Why Flutter Might Be the Best of Both Worlds

Article summary

A little more than a year ago, I started working on my first project with native mobile applications. It has been wonderful learning the intricacies of the iOS and Android platforms, but I’ve noticed how cumbersome it is for a team to maintain two versions of the same application.

It takes quite a bit of overhead to verify that the applications have feature parity, adequate test coverage, and any image/text changes (don’t even get me started on localizations). This overhead tends to slow down a development team, but the benefits of native performance surely make up for it in the end… right?

What Cross-Platform Lacks

If you don’t need native performance, you’re better off saving development time by choosing one of the available cross-platform frameworks like React NativeIonic, or Xamarin. Each of these frameworks has advantages and disadvantages, but they all consist of the same architecture: a shared layer of business logic with some type of abstraction for the UI layer that converts the template from the framework into the native UI elements.

The shared business logic is excellent, but I notice a lot of issues with the abstraction of the UI layer, especially after major updates to the operating system.

This begs the question: What if we didn’t have to worry about a UI abstraction? What if we could guarantee that our app would look the same across platforms and OS versions?
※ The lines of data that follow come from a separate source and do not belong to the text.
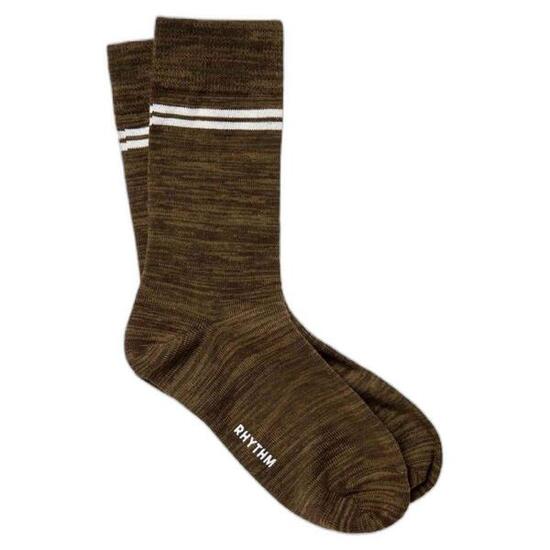 Chaussettes de football Rhythm modèle 0721MAC01 pour homme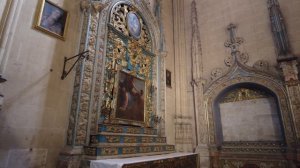?? Cathedral of Salamanca ? - Walking Tour (4K UHD)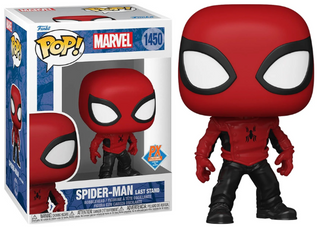 Spider-Man (Last Stand) 1450 - Previews Exclusive/15,000 Made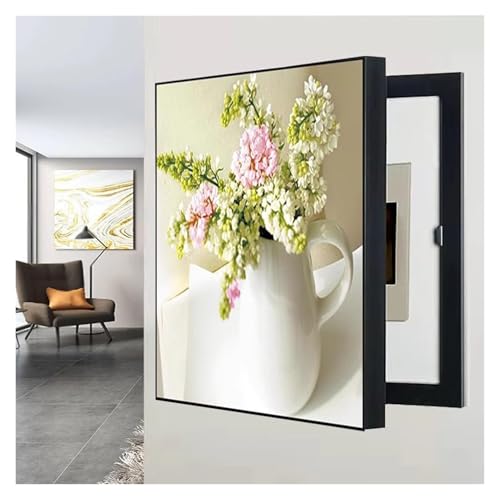 Peinture décorative étanche pour boîtier de compteur et salon élégant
It is possible with the help of Google’s new cross-platform framework, Flutter.

What is Flutter?

Flutter is Google’s open-source, cross-platform framework for building mobile applications. Much like the other cross-platform frameworks I mentioned, Flutter provides a mechanism for a development team to maintain a single codebase while building two mobile applications (iOS and Android). Flutter isn’t just an SDK for iOS and Android development; it’s a portable UI toolkit that can be run in a variety of platforms.

It ships with the lightweight and wicked-fast Skia Graphics Library, which means it is responsible for rendering any and all pixels on the screen while your app is open. Flutter has no UI abstraction. It renders the entire UI layer and removes any limitations that the platform or OS version may have imposed on you.

Flutter is written with the Dart programming language, which was originally designed by Google as the next language for the web. Dart compiles to ARM and x86 code with the help of a JIT compiler and supports asynchronous programming. It is object-oriented, and the syntax is fairly straightforward, so anyone familiar enough with C# or Java should be able to learn it rather quickly.

So how does Flutter stack up to writing native applications or other cross-platform frameworks?

Flutter vs. Native

I already highlighted some of the pros/cons of writing native apps vs. using a cross-platform framework, but how is Flutter different?

The main appeal for writing native applications is performance. Native apps are faster than most cross-platform frameworks for two reasons. They don’t have to worry about a UI abstraction, and the business logic is optimized for the language of the platform.

Flutter challenges this claim that cross-platform isn’t as fast as native by handling all of the rendering of the UI. As I mentioned previously, the Skia Graphics Library is fast. If your phone’s hardware supports rendering the screen at 60 frames per second, Flutter will render at 60 frames per second. Also, since Dart compiles to ARM and x86 code, it is surprisingly fast—not as fast as optimized native code, but fast enough to close a sizable gap compared to some of the other cross-platform options.

Flutter vs. Other Cross-Platform Frameworks

The main benefit of choosing a cross-platform framework over native applications is the amount of time spent developing and iterating on new features. Many of the tools and enhancements from web development have started to make their way to mobile through React Native and some of the other cross-platform frameworks. React Native has benefitted from React, while Xamarin has benefitted from the recent enhancements to ASP.Net Core MVC.

Flutter wasn’t designed as a framework specifically for mobile development. It’s Google’s portable UI toolkit that can be run on a variety of form factors. Because of this, it doesn’t have to worry about the constraints that are typically imposed by the mobile platform.

In addition to this, the Dart programming language allows for stateful, hot reloading as you make changes to the code. Android has this functionality if you’re making changes to the XML template for a fragment, but if any changes are necessary to rebuild the project, you will need to start from scratch. Since the UI of a Flutter app is entirely built with Dart, this stateful, hot reloading is always available as you make changes to any part of the Flutter app.

Should I Be Using Flutter?

Choosing the right technology for the job is difficult, and the addition of more options tends to make things more complex. There’s a form of analysis paralysis involved with the number of cross-platform options. I can’t say whether or not you should be using Flutter for your next mobile app, but I can at least motivate you to give it a try by checking out The Flutter “Getting Started” Guide.

I would love to hear your thoughts on Flutter and Dart! Do you think it has a chance to be the most popular cross-platform framework in the next few years?